Türk-İş Genel Merkezi’nde, Türk-İş Genel Başkanı Salih Kılıç ile Petrol-İş Genel Başkanı Mustafa Öztaşkın’ın düzenlediği basın toplantısına, Türk-İş ve bağlı sendikaların merkez ve şube yönetimleri ile Petrol-İş şubeleri katıldı.
‘Telafisi olmayan sorunları getirir’
İlk açıklamayı yapan Türk-İş Genel Başkanı Salih Kılıç, Petrol Yasası’nın Türkiye’nin ulusal çıkarlarına aykırı, Türkiye Petrolleri Anonim Ortaklığı’nın (TPAO) özelleştirilmesini getirdiğini, petrol gelirlerinden yüzde 12 olan devlet payının yüzde 2’ye düşürülmesini ve yabancı petrol tekellerine vergi imtiyazları getireceğini söyledi. Veto ettiği için Cumhurbaşkanı’na teşekkür eden Kılıç, enerjinin sadece Türkiye’nin değil, tüm dünyanın, insanlığın sorunu haline geldiğini, artık enerji güvenliği sorunun ortaya çıktığını ifade etti.

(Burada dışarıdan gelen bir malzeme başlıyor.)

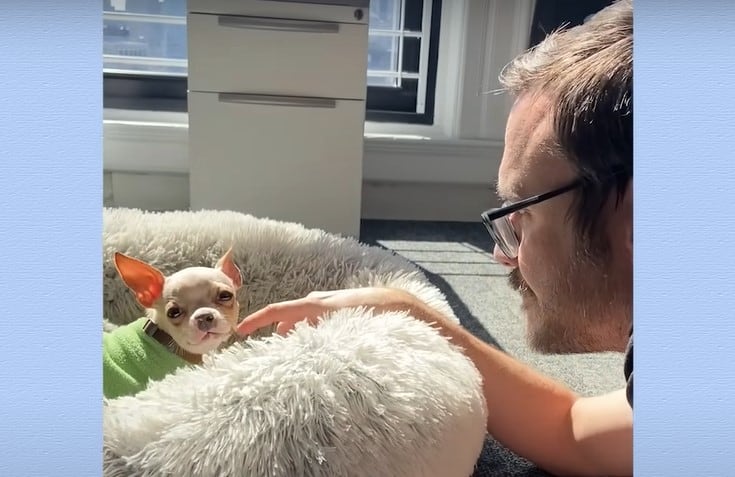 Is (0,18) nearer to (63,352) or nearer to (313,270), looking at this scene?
(63,352)

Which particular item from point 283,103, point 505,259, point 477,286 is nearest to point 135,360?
point 505,259

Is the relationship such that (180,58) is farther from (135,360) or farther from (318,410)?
(318,410)

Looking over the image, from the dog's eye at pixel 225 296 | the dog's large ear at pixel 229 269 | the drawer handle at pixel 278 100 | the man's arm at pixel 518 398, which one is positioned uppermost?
the drawer handle at pixel 278 100

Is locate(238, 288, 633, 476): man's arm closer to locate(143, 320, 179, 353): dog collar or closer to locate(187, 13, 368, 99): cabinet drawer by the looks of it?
locate(143, 320, 179, 353): dog collar

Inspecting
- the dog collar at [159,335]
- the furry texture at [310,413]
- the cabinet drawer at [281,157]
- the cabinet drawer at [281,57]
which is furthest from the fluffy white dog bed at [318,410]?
the cabinet drawer at [281,57]

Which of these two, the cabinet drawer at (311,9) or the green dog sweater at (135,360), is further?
the cabinet drawer at (311,9)

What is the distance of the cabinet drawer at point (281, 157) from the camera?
2.86 feet

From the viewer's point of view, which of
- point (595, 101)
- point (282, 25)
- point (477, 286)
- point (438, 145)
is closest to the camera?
point (595, 101)

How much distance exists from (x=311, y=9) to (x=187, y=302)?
570mm

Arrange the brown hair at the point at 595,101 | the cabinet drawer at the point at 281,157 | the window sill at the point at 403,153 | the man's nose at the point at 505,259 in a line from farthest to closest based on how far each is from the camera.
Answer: the cabinet drawer at the point at 281,157
the window sill at the point at 403,153
the man's nose at the point at 505,259
the brown hair at the point at 595,101

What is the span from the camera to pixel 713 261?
31 centimetres

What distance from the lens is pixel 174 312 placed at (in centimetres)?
52

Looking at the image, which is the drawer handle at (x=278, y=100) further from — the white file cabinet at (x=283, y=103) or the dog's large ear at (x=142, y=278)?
the dog's large ear at (x=142, y=278)

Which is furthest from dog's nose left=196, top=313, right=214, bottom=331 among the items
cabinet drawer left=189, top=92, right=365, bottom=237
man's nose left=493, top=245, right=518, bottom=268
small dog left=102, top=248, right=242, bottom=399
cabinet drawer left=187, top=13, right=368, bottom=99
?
cabinet drawer left=187, top=13, right=368, bottom=99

Raporu tanıtan Petrol-İş Başkanı Mustafa Öztaşkın ise BOTAŞ’ın çökertilmek istenmesine karşı kamuoyunu “seyirci kalmamaya” çağırdı. Dünyada uygulanan mevcut politikalar değişmedikçe, 2030’da dünya enerji ihtiyacının her yıl yüzde 1.6 artacağı, bu artış hızı ile 25 yılda yüzde 50 oranında artacağını kaydeden Öztaşkın, son zamanlarda ısınma ve elektrik üretiminde doğalgaz kullanımının arttığına işaret etti. Türkiye’nin, dünya enerji piyasasında ham petrol ve doğalgaz alım işlemleriyle ön plana çıktığını, ham petrol ithalatında 18, doğalgaz alımlarında ise 9’uncu sırada olduğunu kaydeden Öztaşkın, Türkiye’nin, Avrupa’nın doğalgaz ve ham petrol ulaşım hattı üzerinde olması nedeniyle, boru hattı taşımacılığına ilişkin uluslararası projelerde önemli bir aktör olduğunu söyledi.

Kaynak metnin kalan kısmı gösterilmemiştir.